By Subir Bhaumik
BBC correspondent in Calcutta
Bhutan says it will make one more effort to persuade separatist rebels from the Indian state of Assam to leave the kingdom.
Foreign Minister Thinley says force will be the only option if talks fail
Two Assam separatist groups have maintained a number of bases in southern Bhutan for well over a decade.
They use them to attack targets
A deadline set by Bhutanese Government for the rebels to leave expired on Monday.
Indian pressure on Bhutan to push the rebels out has increased.
Bhutanese Foreign Minister Jigme Thinley told the BBC's World Today Programme that his government wants to make one last effort to persuade the leaders of the United Liberation Front of Assam (ULFA) and the National Democratic Front of Bodoland (NDFB) to leave the kingdom.
He said his government wanted to seek a fresh mandate from the national assembly for holding one final round of talks with the rebel leaders - failing which, he said, Bhutan's options would narrow down to use of force.
Indian forces have been fighting the rebels for two decades
He said Bhutan will deal with this problem through its own resources and would not call in the Indian army to push the rebels out.

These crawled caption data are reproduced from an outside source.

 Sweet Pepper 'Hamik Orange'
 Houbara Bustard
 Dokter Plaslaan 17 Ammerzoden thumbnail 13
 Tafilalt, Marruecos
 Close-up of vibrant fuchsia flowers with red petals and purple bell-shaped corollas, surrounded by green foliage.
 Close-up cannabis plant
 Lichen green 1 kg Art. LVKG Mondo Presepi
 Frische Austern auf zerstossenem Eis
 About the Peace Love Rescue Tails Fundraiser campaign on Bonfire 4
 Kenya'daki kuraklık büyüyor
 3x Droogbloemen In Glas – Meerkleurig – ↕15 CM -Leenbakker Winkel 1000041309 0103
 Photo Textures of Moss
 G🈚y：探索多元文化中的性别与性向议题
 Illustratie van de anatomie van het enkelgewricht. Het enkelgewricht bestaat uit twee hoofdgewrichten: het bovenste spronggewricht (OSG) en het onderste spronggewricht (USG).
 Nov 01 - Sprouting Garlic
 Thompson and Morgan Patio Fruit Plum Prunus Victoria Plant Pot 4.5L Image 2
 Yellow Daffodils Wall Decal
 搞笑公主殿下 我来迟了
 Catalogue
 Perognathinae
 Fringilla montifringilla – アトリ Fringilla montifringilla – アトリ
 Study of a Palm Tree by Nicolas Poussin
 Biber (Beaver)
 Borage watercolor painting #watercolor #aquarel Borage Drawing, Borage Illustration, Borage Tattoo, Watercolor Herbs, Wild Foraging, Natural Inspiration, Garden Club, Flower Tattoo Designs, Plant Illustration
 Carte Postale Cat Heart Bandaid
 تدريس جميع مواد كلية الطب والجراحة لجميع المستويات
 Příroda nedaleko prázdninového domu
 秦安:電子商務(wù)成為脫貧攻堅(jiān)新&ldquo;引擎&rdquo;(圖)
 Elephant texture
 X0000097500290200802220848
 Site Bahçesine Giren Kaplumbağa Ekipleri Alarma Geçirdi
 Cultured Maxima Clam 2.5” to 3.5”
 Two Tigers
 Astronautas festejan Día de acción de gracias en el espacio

Mr Thinley said the rebel presence in southern Bhutan was turning out to be a major problem.
Bhutanese officials say that the ULFA leaders, during their talks with Bhutan, have said they could not leave the kingdom because of the heavy presence of Indian security forces on its borders with Assam.
Analysts say Bhutan is buying time to prepare for a military offensive against the rebels if the tough posturing fails to provide results.
The rebels have been leaving the kingdom in small batches but a number of them have been killed or captured as they emerged from Bhutan.